What is being asked => Please write out only the lines from the one containing "Stippled drawing of" through the last line of the listing. Do not include pictures.

Source material =>

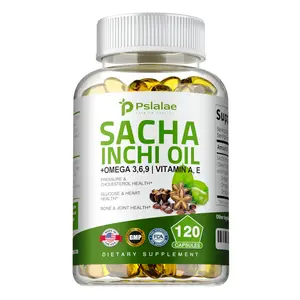 Pslalae Omega-3 dietary supplement, 120 capsules per bottle, contains 550 mg of premium Inca Inchi oil, supplements glucose and vitamins, and supports joint, bone, and heart health.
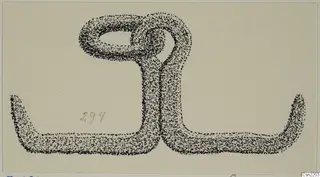 Stippled drawing of a bent metal mounting fragment with a loop at the top, from Idalion
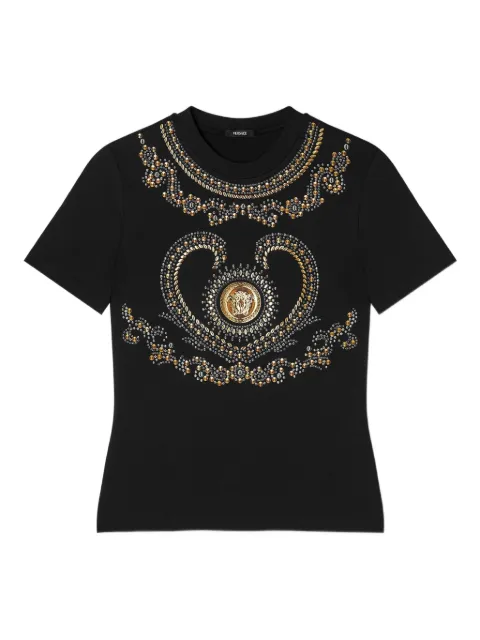 Versace playera con detalles de cristal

Exercise output =>
 Stippled drawing of a bent metal mounting fragment with a loop at the top, from Idalion
 Versace playera con detalles de cristal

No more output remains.